(Beginning of Data records)

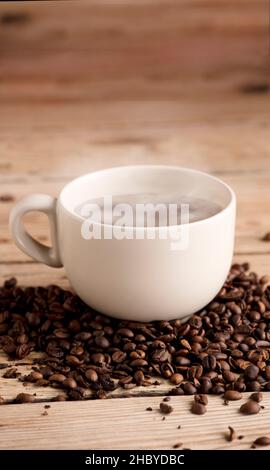 Weiße Tasse Kaffee mit Rauch auf rustikalem Holztisch, mit gerösteten Kaffeebohnen Stockfoto
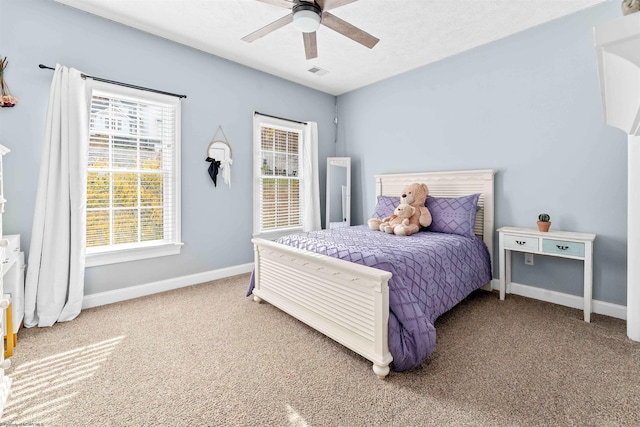 bedroom featuring carpet, a textured ceiling, and ceiling fan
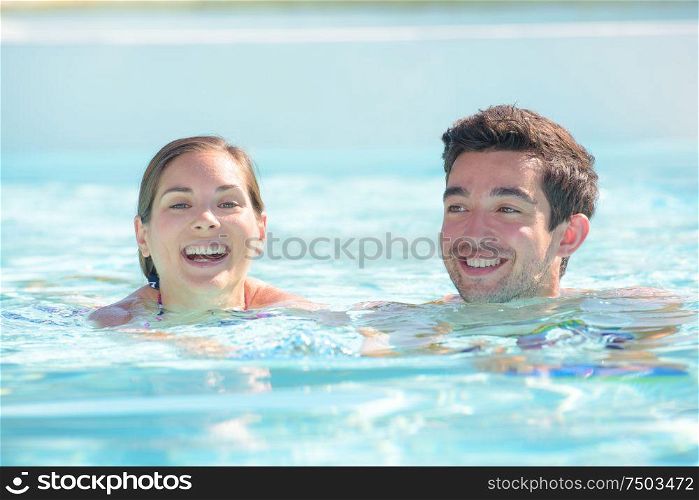 a man and woman swimming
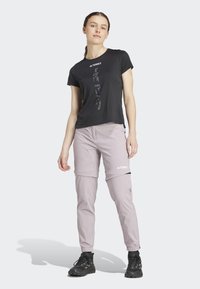 Black short-sleeve t-shirt with reflective logo; light pink zippered pants; black footwear; casual athletic style.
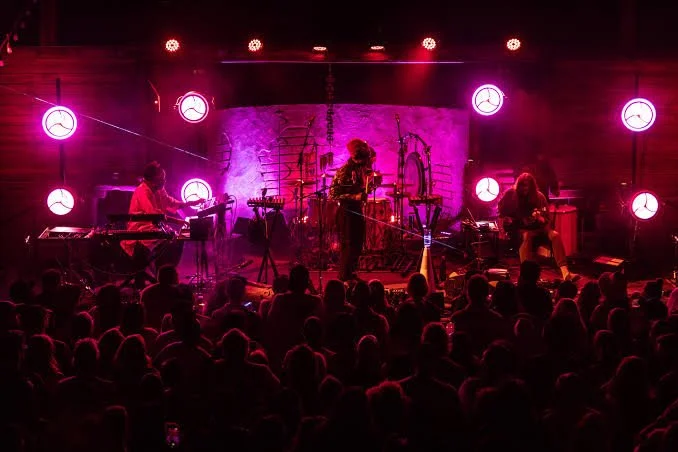 Band performing live on stage with colorful lighting, audience watching in front.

(End of Data records)

§ **Brief**
Reproduce the records in full and leave the images behind.

§ **Written response**
 Weiße Tasse Kaffee mit Rauch auf rustikalem Holztisch, mit gerösteten Kaffeebohnen Stockfoto
 bedroom featuring carpet, a textured ceiling, and ceiling fan
 a man and woman swimming
 Black short-sleeve t-shirt with reflective logo; light pink zippered pants; black footwear; casual athletic style.
 Band performing live on stage with colorful lighting, audience watching in front.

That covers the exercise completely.